TASK GOAL -> Write every record below out exactly; no images.

[Opening TASK INPUTS section]

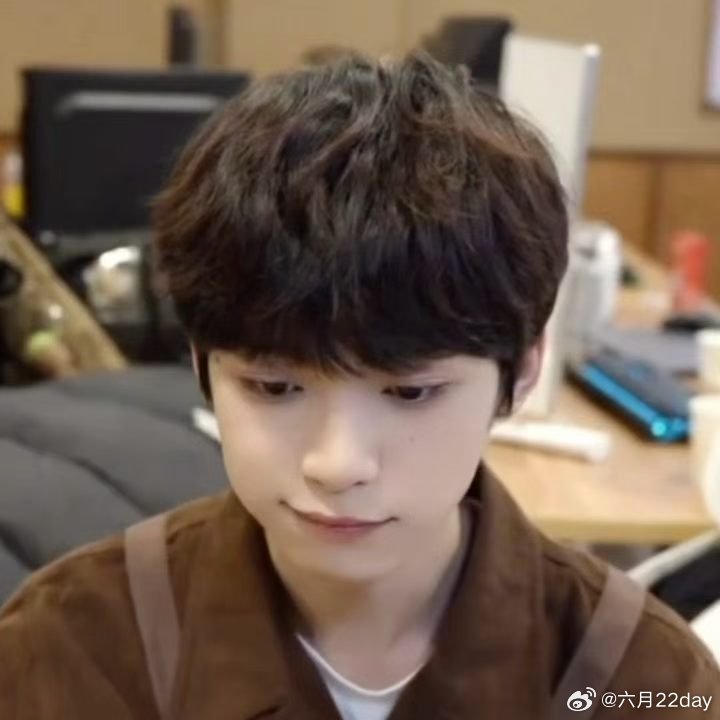 梓渝 zy五谷磨房品牌代言人梓渝 “在某个不知名的角落许你岁岁平安”   ℳ𝒶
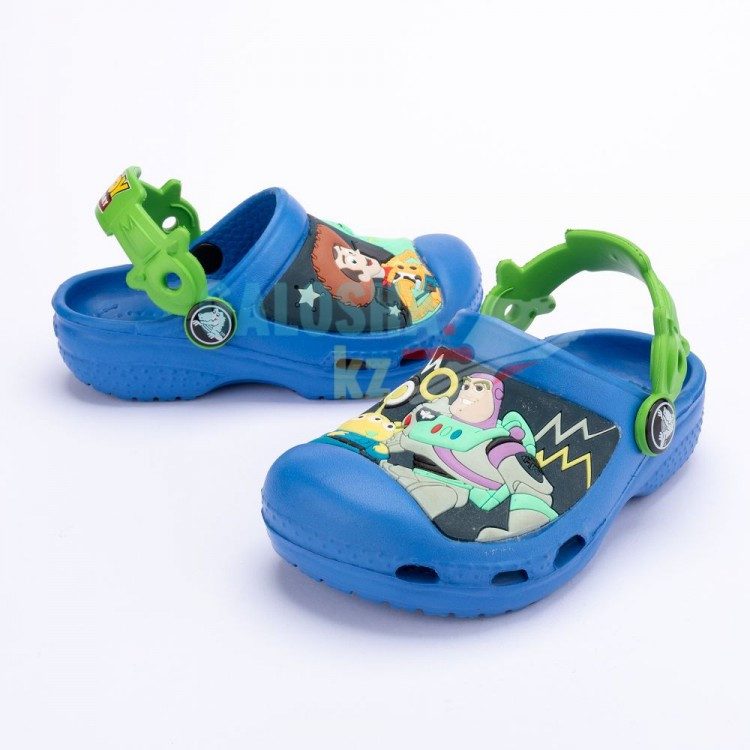 buzz lightyear crocs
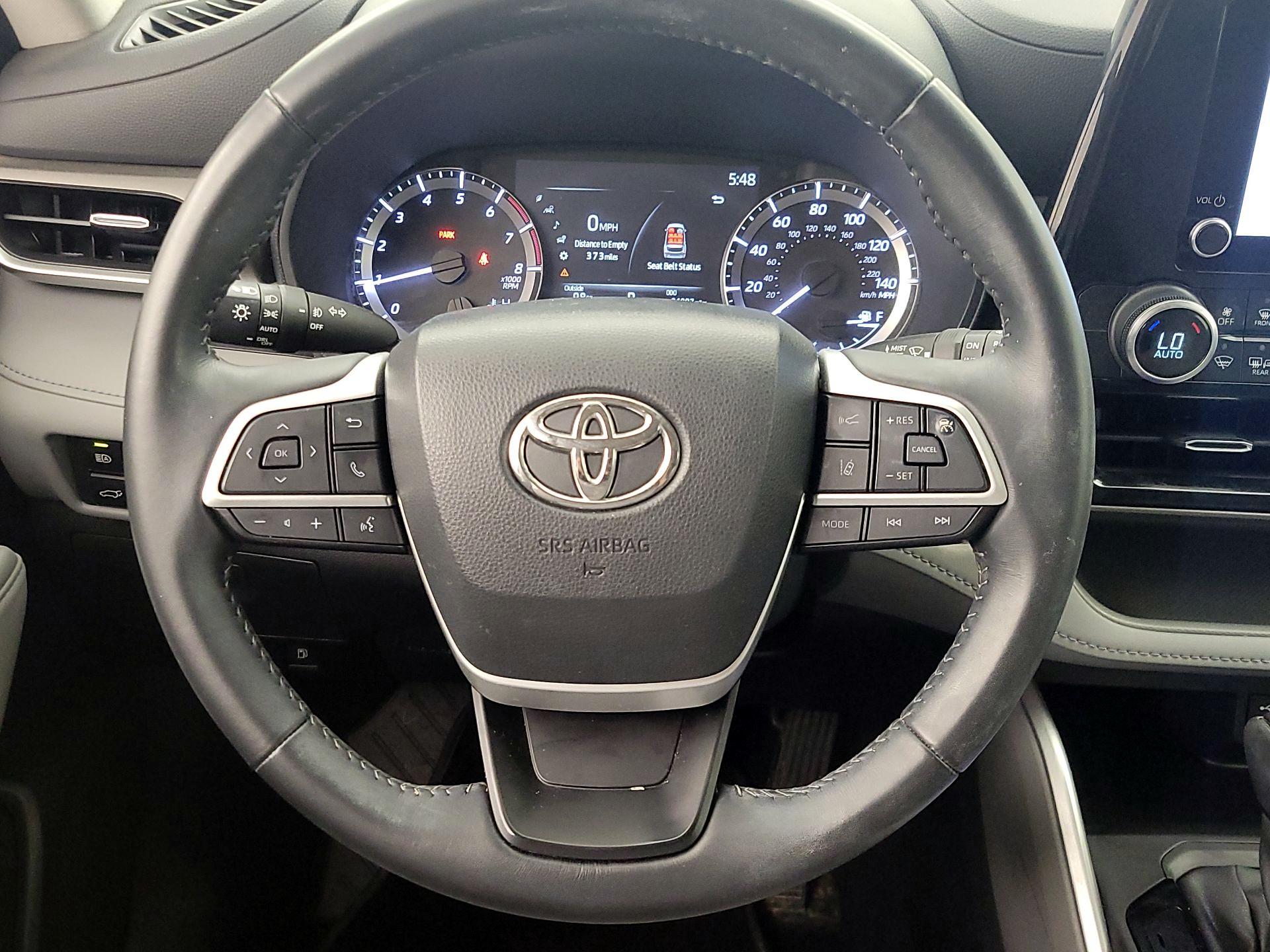 Thumbnail: 2023 Toyota Highlander - 10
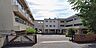 周辺：周辺環境-小学校(700m)松戸市立上本郷小学校
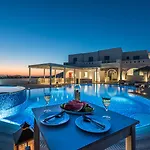 Cycladic Islands & 4*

[Closing TASK INPUTS section]

EXERCISE ANSWER ->
 梓渝 zy五谷磨房品牌代言人梓渝 “在某个不知名的角落许你岁岁平安”   ℳ𝒶
 buzz lightyear crocs
 Thumbnail: 2023 Toyota Highlander - 10
 周辺：周辺環境-小学校(700m)松戸市立上本郷小学校
 Cycladic Islands & 4*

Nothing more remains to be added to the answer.